A história começa em uma sala subterrânea mal iluminada, com nuvens rodopiantes de ar gelado e fileiras de potes de vidro que se estendem até onde a vista alcança.
Dentro desses 700 contêineres há algo inesperado: cada um abriga um cérebro humano perfeitamente preservado.
Era 1991 quando um jovem e inexperiente neurocientista chamado David Snowdon conheceu a Irmã Mary, uma freira muito incomum.
Como muitas outras, ela estava vestida da cabeça aos pés com um tradicional hábito preto e branco. Ela era eternamente otimista, raramente ociosa.
Mas o que surpreendeu Snowdon foi que a Irmã Mary, aos 101 anos, tinha uma boa memória.
O cientista ainda não sabia que havia algo de extraordinário nela, algo que a distinguia das outras freiras.
Desde 1986, Snowdon estava imerso em um dos projetos mais singulares e ambiciosos já realizados, que começou na Universidade de Minnesota e foi transferido para a Universidade de Kentucky em 1990.
Com sua equipe, ele viajou pelos Estados Unidos, visitando conventos da congregação das Irmãs Escolares de Nossa Senhora, convencendo 678 freiras a participar do experimento.
“Normalmente não se juntaria um convento e ciência, mas isso vale ouro”, disse a neurocientista Julia Ravey à BBC.
“O que realmente existe [num convento] é uma população de controle [com condições menos variáveis], que é o objetivo da ciência.

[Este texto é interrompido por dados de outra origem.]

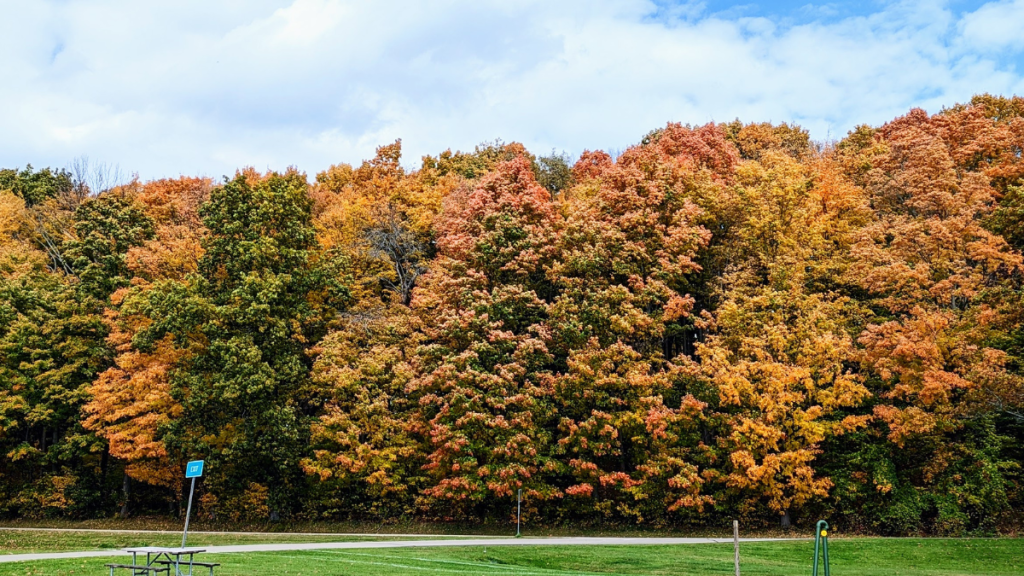 Upstate New York Fall Leaves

Queremos controlar tudo, queremos controlar o incontrolável.”
Para o agora famoso “Estudo das Freiras”, cada irmã concordou em realizar uma série de testes que repetiriam ano após ano até morrerem, na esperança de que revelassem segredos da longevidade.
Quando é que os seus cérebros começariam a falhar e com que rapidez poderiam declinar?
“As irmãs receberam algo que chamamos de 'miniexame do estado mental'”, explica Ravey.
Depois de concluído, cada freira recebeu uma pontuação: quanto maior a pontuação, mais saudável sua mente.
A maioria das pessoas obteria 30 em 30 se tivessem uma cognição completamente sólida.
A ideia era ver como essa pontuação mudava ao longo do tempo.
Depois de monitorar centenas de mulheres ao longo de muitos anos, Snowdon tinha um magnífico conjunto de dados.
Mas a joia desta coroa era um gráfico notável indicando a idade, na parte inferior, e a capacidade cognitiva medida de 0 a 30 pontos na lateral.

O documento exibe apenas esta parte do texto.